Morris was born in Toledo, Iowa, on March 26, 1925. He began his college career in 1943, but he was commissioned by the U.S. Naval Academy in 1944 and served in World War II. Mericle later graduated from ISU in 1947; he went on to receive his master’s in 1956 and his doctorate in 1963, both in electrical engineering.
“My recollection is that Morrie Mericle and I took some of the same basic electrical engineering courses together back in 1941 and 1942. With World War II intervening, our paths parted for many years until 1986 when I returned to ISU as an Adjunct Professor in ECpE,” Emeritus Adjunct Professor Glenn Hillsland said when recalling his memories of Morrie. “I then met Morrie again over a cup of coffee in the coffee shop in Coover Hall. From those conversations, I got the impression that Morrie was a very practical-minded guy who effectively applied knowledge gained in academia to solving problems out in the world of blood, sweat and tears.”

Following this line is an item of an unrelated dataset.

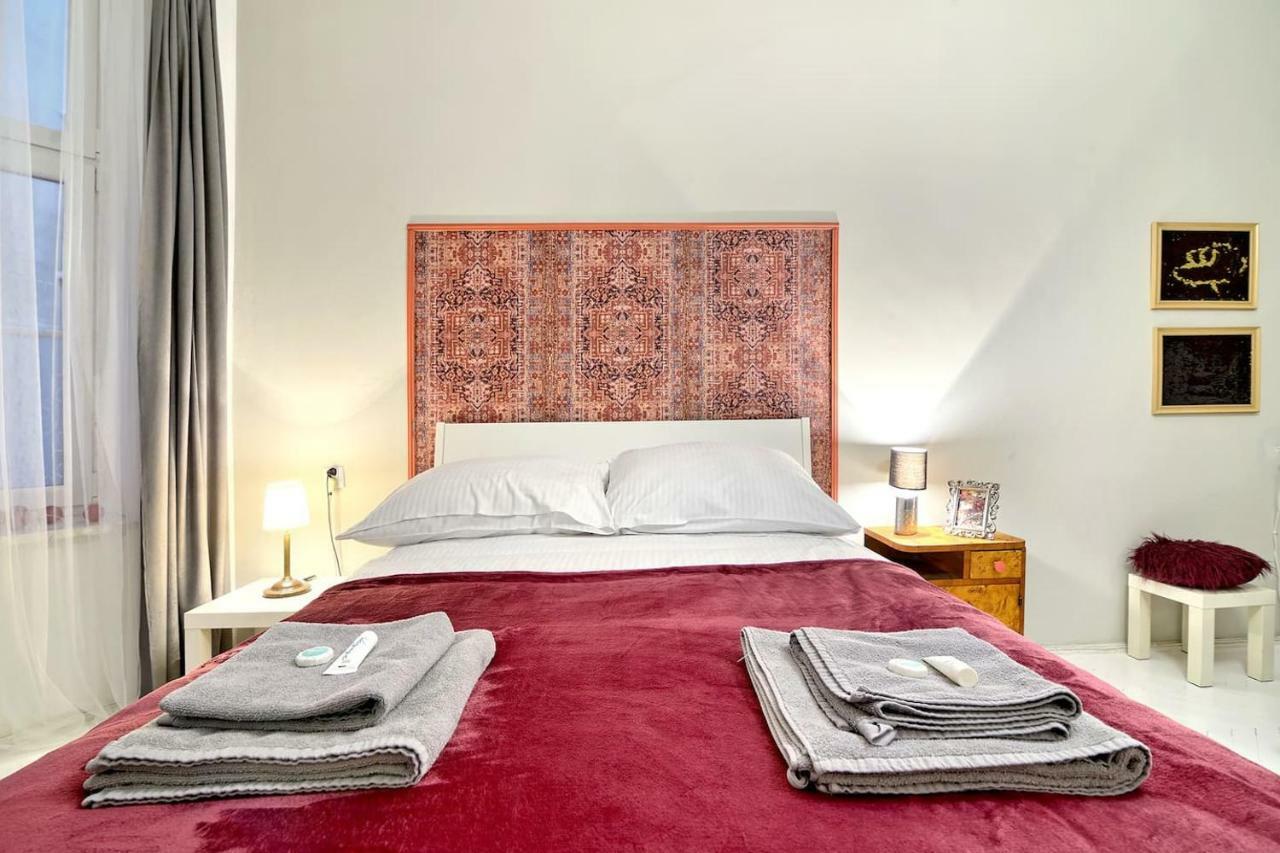 Luxury Retro Apartment, City Center, Wifi คราคูฟ ภายนอก รูปภาพ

Morris’ first became interested in electrical engineering in the winter of 1936. In a personal essay Morris wrote for the Ames Historical Society, he reminisces on the struggles his family faced after they lost their Toledo home to foreclosure. As Christmas approached, Morris was living in a tiny house with his parents, grandparents and his two younger siblings. Though his mother had told him not to expect anything for Christmas that year, Morris’ father couldn’t resist getting him something.
“It was then I saw what [his] jacket had been hiding: An eight-and-a-half erector set, the largest size. It had probably cost $14, a huge amount at that time. A prudent person could eat for two weeks on $14,” Morris wrote, as he recalled the memory. “Only later did I learn that my dad had originally bought me a five-and-a-half erector set, only to learn from our neighbor that their son would be getting the seven-and-a-half set. It was then that my dad took my present back and exchanged it for the best erector set offered. I think he needed to give it as much as I needed to get it.”
Eileen Mericle, who has been married to Morris for 57 years, looks back at her late husband’s years at Iowa State as a fun time. According to Morris, many of the faculty members and professors would play jokes and pranks on each other. Eileen remembers one story where someone even put a weather balloon in another person’s office, and it exploded when they opened the door.
“Morrie was an unforgettable character. He was a great storyteller, whether he was talking about his time in Alaska, in the Chicago steel mills, in the aircraft industry in Southern California or just adventures around Ames,” Emeritus Professor Terry Smay said, recalling his memories of Morrie. “He had a long and adventure-laden life, and I remember him fondly.”
During his time as an associate professor at Iowa State, Morrie taught control theory, along with Distinguished Emeritus Professor Grover Brown. Morrie also taught electronics and was among the most popular faculty members, according to Emeritus Associate Professor Tom Scott.
“He often socialized with students in evenings as well as working hours. Students regarded him as a friend, not just a task master,” Scott said.
However, Morris did not only spend his time teaching. He spent many years working for Republic Steel, the Corps of Engineers, Lockheed (Martin) and Autonetics.
After he retired, Morris enjoyed his days traveling with his wife around the country visiting old friends. They ultimately resided in Silicon Valley, Calif., but have had an Ames, Iowa, phone number for the last 55 years, which they insisted the phone company let them keep after their move out of the state.
“He was a fantastic father, best father there ever was. He was crazy about his daughters and they were crazy about him,” Eileen said.
Eileen also said their two daughters looked up to him very much, and one even got a degree in electrical engineering and worked as an electrical engineer for the U.S. Navy where she worked on advancing electrical simulations. The other is a vice president of Adobe in Silicon Valley.
“He wanted his legacy to be his children, and that turns out to be true,” Eileen said.
Eileen has set up a tax-deductible memorial in Morrie’s name. Any contributions may be made to the ECpE Department, Coover Hall, ISU, Ames, Iowa, 50011.
A graveside service will be held on July 3 at ISU Cemetery at 10:30 a.m. After the service, guests are invited to have lunch at Olde Main Brewing Company in Ames.
“Morrie was the historical bridge between Veteran WWII faculty and GI-bill grad student TAs for newbies like me. His embellished stories about their unique idiosyncrasies and moments were colorful and hilarious,” Emeritus Professor Dick Horton said. “Our time together spanned 30 exciting years, during which the solid-state analog and digital electronics era began and was quickly followed by the microprocessor and personal computer era. Change was constant, and Morrie embraced it.”